"Eux se méfient, et nous aussi: on se dit +Ils nous prennent pour des terroristes": dans une ville très à droite, l'attentat du 14 juillet à Nice a exacerbé les marques de rejet ressenties par la communauté musulmane, qui se sent "regardée de travers".
Cette peur d'être cataloguée comme terroriste, c'est une petite femme à la gentillesse peinte sur le visage, Kabira, qui la décrit: "Maintenant il y a moins de confiance et avec le foulard on est mal vues". Ses deux amies, voilées comme elle et comme beaucoup d'habitantes à l'Ariane, un quartier populaire du nord-est de Nice, acquiescent.
"C'est vrai qu'on trouve ça stupide. Le jour où il a tué, il n'a pas choisi, il a tué tout le monde. Ca crée du racisme. Il y en avait déjà beaucoup mais là, encore plus", confie Kabira, à propos de l'auteur de l'attentat qui a fait 86 morts sur la Promenade des Anglais le soir du feu d'artifice.
"Les amis qui nous connaissent savent qu'ils ne courent aucun danger avec quelqu'un de musulman mais malheureusement certains s'arrêtent à ça et la télé n'arrange pas les choses", poursuit cette mère d'origine marocaine dont la soeur, présente le soir du 14 juillet sur la Promenade, est restée durablement choquée.
Parmi les 86 morts, 22 étaient de confession musulmane.
Les instances locales de dialogue interreligieux ont fait de leur mieux après l'attentat. Mais depuis trois mois, estime Sami Bouzid, un restaurateur, "on est passé du stade de l'hypocrisie, où on s'entendait bien, à la haine".
Les hostilités en sont restées au stade des insultes ou des regards malveillants.
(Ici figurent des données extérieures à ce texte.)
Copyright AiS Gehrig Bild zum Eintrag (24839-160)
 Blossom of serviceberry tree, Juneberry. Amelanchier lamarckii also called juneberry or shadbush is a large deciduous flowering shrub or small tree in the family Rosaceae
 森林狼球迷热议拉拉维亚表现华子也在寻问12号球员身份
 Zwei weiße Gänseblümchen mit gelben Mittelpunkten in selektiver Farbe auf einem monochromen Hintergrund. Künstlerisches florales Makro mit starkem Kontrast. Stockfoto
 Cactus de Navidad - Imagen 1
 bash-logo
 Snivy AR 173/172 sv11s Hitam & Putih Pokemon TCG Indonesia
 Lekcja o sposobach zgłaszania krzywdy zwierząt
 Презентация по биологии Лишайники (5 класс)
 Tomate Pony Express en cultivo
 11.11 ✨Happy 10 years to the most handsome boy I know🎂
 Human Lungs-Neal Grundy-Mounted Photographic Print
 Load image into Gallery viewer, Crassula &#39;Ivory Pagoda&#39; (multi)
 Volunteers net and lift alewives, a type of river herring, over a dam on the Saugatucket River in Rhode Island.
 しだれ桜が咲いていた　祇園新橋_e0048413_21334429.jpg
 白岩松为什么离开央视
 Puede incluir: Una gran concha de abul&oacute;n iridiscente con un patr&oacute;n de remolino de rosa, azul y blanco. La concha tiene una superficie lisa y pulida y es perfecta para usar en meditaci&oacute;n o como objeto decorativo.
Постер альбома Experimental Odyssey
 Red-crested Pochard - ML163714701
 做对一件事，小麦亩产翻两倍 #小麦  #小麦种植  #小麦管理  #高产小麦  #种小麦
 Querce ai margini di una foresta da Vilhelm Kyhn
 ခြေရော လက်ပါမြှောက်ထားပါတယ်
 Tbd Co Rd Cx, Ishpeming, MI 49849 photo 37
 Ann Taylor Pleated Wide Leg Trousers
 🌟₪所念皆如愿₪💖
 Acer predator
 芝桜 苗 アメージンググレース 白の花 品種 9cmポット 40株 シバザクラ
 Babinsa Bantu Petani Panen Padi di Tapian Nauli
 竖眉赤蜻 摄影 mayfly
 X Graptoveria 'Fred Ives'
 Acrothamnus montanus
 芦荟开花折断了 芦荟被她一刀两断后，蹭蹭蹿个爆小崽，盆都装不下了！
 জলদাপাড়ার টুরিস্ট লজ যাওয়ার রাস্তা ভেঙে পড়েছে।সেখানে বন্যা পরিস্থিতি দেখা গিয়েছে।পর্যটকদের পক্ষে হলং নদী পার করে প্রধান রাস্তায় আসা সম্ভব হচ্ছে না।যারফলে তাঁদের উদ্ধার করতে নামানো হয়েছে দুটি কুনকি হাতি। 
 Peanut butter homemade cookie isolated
Fin août, une avocate de la mairie, Pauline de Fay, a pourtant été jusqu'à évoquer une ville "presque au bord de la guerre civile" lors d'une audience consacrée à l'arrêté anti-burkini pris par la mairie.
Repartir à zéro
Plus nuancés que cette juriste parisienne, les acteurs locaux conviennent tous d'un climat de défiance réciproque, alimenté en partie par l'extrême droite et ses autocollants identitaires à sensation "Chassons les islamistes!".
L'épisode estival du burkini n'a rien arrangé, quand la police municipale a commencé à verbaliser les baigneuses musulmanes trop habillées en août, au nom de la laïcité, sans interdire pour autant les baptêmes évangélistes dans la mer.
"Le lien a été fait entre l'auteur de l'attentat et la communauté musulmane, qui l'a très mal vécu", constate Sabrina Terriche, directrice du Centre de Loisirs et d'Action pour la Jeunesse (CLAJ) à l'Ariane. "On a l'impression qu'on ve devoir repartir à zéro", dit-elle: "Certaines polémiques, certains médias, certains événements au niveau national remettent tout en question".
L'Ariane, qui abrite une majorité de logements sociaux et a des allures de petite casbah avec ses boutiques halal et ses mères de famille voilées de toutes origines, est en pleine rénovation.
Il n'y a pas de repli sur soi, selon Mme Terriche. "Mais le type de propos qu'on peut entendre c'est +voilà on sera jamais acceptés comme des Français+ et +de toute façon, on veut pas de nous ici+ alors que ce sont des jeunes Français nés en France (...) et il y a tout ce travail à refaire", dit-elle.
Les gens, ils nous voient encore plus comme des diables (...) un jour çà en viendra aux mains", estime Sonia S. dont la fille adolescente cultive les paradoxes, se coiffant d'un long djilbed mais grande joueuse de foot.
"Optimiste", Mahmoud Benzemia, l'imam de la nouvelle mosquée En-Nour où une tête de sanglier a été déposée devant l'entrée à deux reprises --une fois avant l'attentat, une fois depuis--, observe "certaines crispations". "Mais je crois à l'intelligence des Français qui ne font pas l'amalgame", assure-t-il.
"Ca se calme", relativise aussi Otmane Aissaoui, imam d'une autre mosquée et l'une des cibles favorites du FN local qui l'accuse d'être salafiste. "Malheureusement, le trait du Bleu Marine est très foncé dans les Alpes-Maritimes", "je crains que la campagne à la primaire et à la présidentielle ne ravive les peurs pour des profits électoraux", dit-il.